Très vite cependant, plusieurs questions le taraudent : qui sont ces gens volontaires pour s’enfoncer à la recherche d’un hypothétique continent souterrain ? N’ont-ils pas tous un secret à cacher, derrière la façade de cosmopolitisme et de future société idéale qu’ils veulent fonder ? Si, bien sûr (mais je ne vous le dirais pas).
Tous sont en tout cas paranoïaques. Après Jules, c’est le chat qui les inquiète : potentiel saboteur, il met en péril le système d’éclairage naturel de Taupe, à base de lucioles. Et d’autres problèmes couvent, dans ce vase clos. Bien loin du monde idéal souhaité, les vieux démons des hommes reviennent : violence, vices, jalousie, peur...

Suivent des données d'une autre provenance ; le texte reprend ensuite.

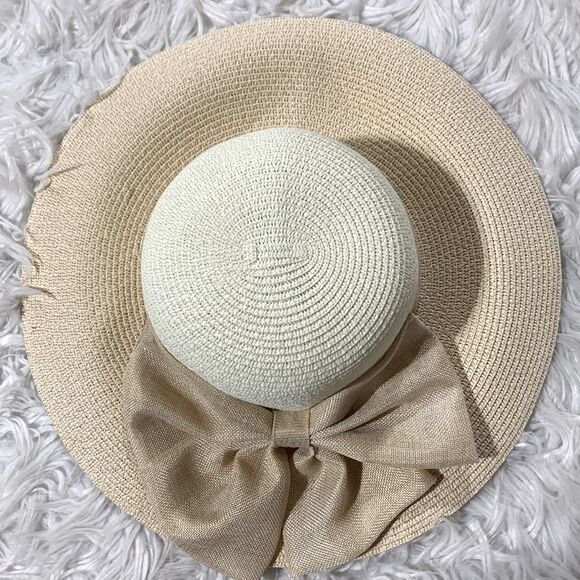 HAT wide brimmed 2 colors bow detail adjustable with drawstring size 56cm - Picture 2 of 11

Nico Bally, dans un style assez léger (au point que ce roman, certes non exempt de noirceur, est lisible dès 12 ans) rend un bel hommage aux “Aventures extraordinaires” de Jules Verne. Tout y est pour nous y replonger : la machine fantastique, au fonctionnement fort bien décrit, la folie visionnaire d’un tel voyage, les imprévus « prévus » (difficultés de forage, zones dangereuses, et même monstres cavernicoles !) qui brisent la routine d’une telle expédition.
Les personnages adultes, pour la quasi-totalité assez sombres, ne font pas du séjour de Jules une partie de plaisir. Entre le médecin au visage brûlé, le capitaine aveugle et le concepteur un peu radoteur, l’auteur dresse une galerie de portraits assez angoissants, même une fois le secret de chacun révélé et leur caractère un peu apprivoisé. Sous pression à chaque instant, ils n’ont pas la relative insouciance de notre jeune héros, qui conserve un certain optimisme malgré les épreuves endurées et ses multiples découvertes.
La fin, très vernienne, dans la veine de la science-fiction du XIXe siècle, apporte une note finale d’espoir, fragile, comme inattendue.
Un tel ouvrage est assez surprenant dans la collection “Absinthes, éthers, opiums”. Voire même chez Malpertuis. Il y avait matière à une histoire très sombre, et elle l’est c’est indéniable, mais Nico Bally l’adoucit en en faisant un roman jeunesse, avec un héros ado. Si cela n’enlève rien à la puissance de certains passages (les chauffeurs, l’enterrement, le passage de la lave), la dose d’humour injectée par Noé, la géologue ou encore Tapetum apporte de nombreuses bouffées d’oxygène dans cet univers qui pourrait être étouffant de noirceur.
Pour qui a lu et adoré lire Jules Verne, « Taupe » est un retour aux sources du steampunk et de la littérature d’aventures, et renoue pour notre plus grand plaisir avec ces voyages vers l’inconnu, ressuscitant dans ces balbutiements de la science une magie sans pareille.
Titre : Taupe
Auteur : Nico Bally
Couverture : Philippe Rozelon
Éditeur : Malpertuis
Collection : Absinthes, éthers, opiums
Site Internet : page roman (site éditeur)
Pages : 157
Format (en cm) : 23,3 x 15,8 x 1
Dépôt légal : décembre 2013
ISBN : 9782917035306
Prix : 13 €
On regrettera que l’auteur soit fâché avec la conjugaison des verbes du 3e groupe, et des coquilles qui hélas émaillent assez généreusement ces 160 grandes pages, chose qui me fait toujours tiquer dans la littérature destinée aux jeunes.